Meskipun Gongyang Qi memiliki kemampuan untuk menulis ulang aliran waktu, mempertahankan sejarah yang telah ditulis ulang menghabiskan sejumlah besar esensi sejati. Semakin sulit perubahan tersebut, semakin besar pula beban yang ditanggungnya.
Ini berarti Raja Iblis Banteng tidak bisa terus berada dalam kondisi lemahnya saat ini selamanya. Pada akhirnya, kekuatan kultivasi Gongyang Qi akan habis.
Jika dia terus mempertahankan pengaruh ini pada Raja Iblis Banteng, dia tidak akan mampu menggunakan kemampuan ilahi lainnya. Hanya dengan menggunakan dua atau tiga jurus ilahi permanen saja sudah cukup untuk menguras habis kekuatan kultivasinya.
Akibatnya, Raja Iblis Banteng akan pulih cepat atau lambat. Dia hanya perlu menunggu sampai Gongyang Qi tidak lagi mampu mempertahankan kemampuan ilahi tersebut.

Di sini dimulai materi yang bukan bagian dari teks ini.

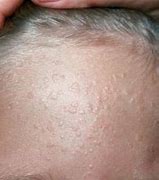 Image result for Skin Warts On Face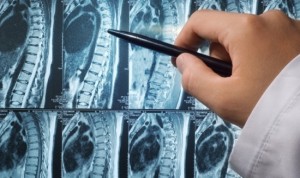 Metastaze osoase în cancerul de prostată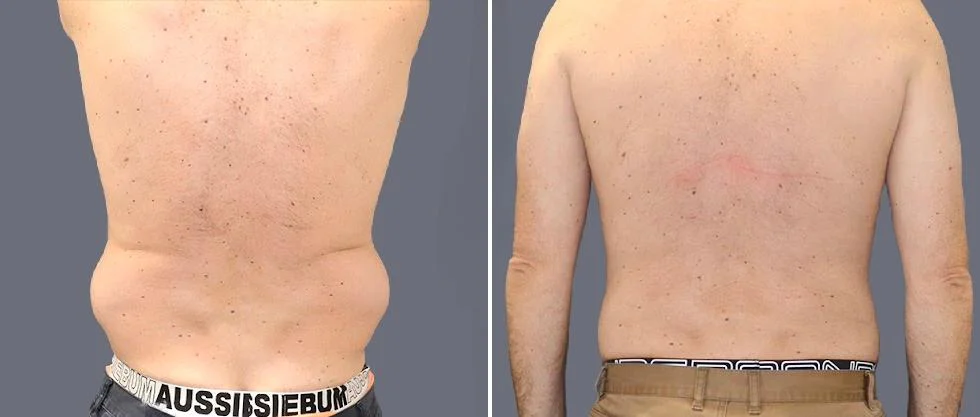 vaser back liposcution male pre2024 027 before and after before and after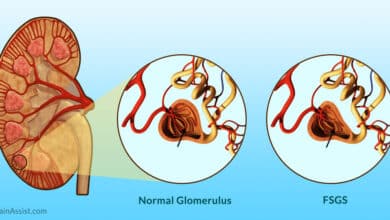 FSGS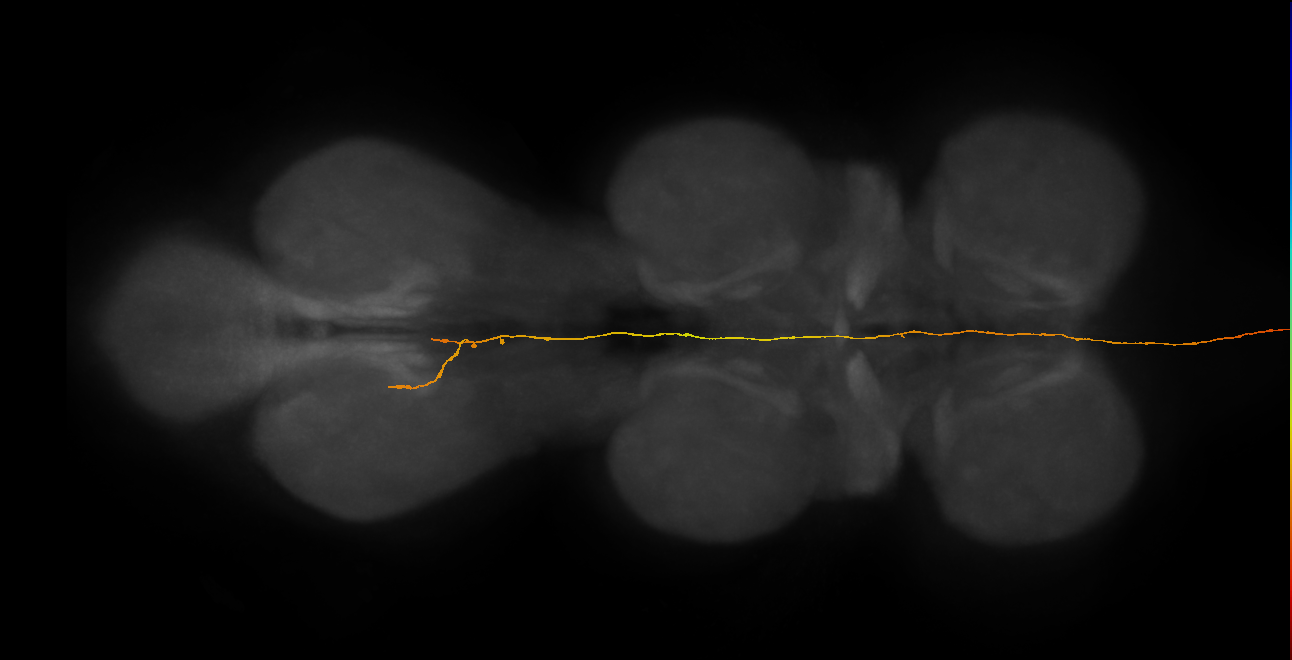DNp101(CL334)_R (MaleCNS:11182)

Namun, jika Raja Iblis Banteng terbunuh saat masih terperangkap di alam ketujuh, dia tidak akan memiliki kesempatan untuk kembali ke kekuatan sebelumnya.
Kepala sekolah Akademi Naga Naik jarang bertindak, tetapi begitu dia melakukannya, dia langsung mengubah jalannya pertempuran.
Gagak Emas Hitam menyipitkan matanya dan menggeram, “Apa yang sedang dilakukan Momothling?”
“Tepat sekali!” Naga Banjir Bersayap Enam, yang masih dikejar di medan perang, meraung frustrasi. “Kita tidak bisa bertahan lebih lama lagi! Mengapa dia belum berhasil juga?”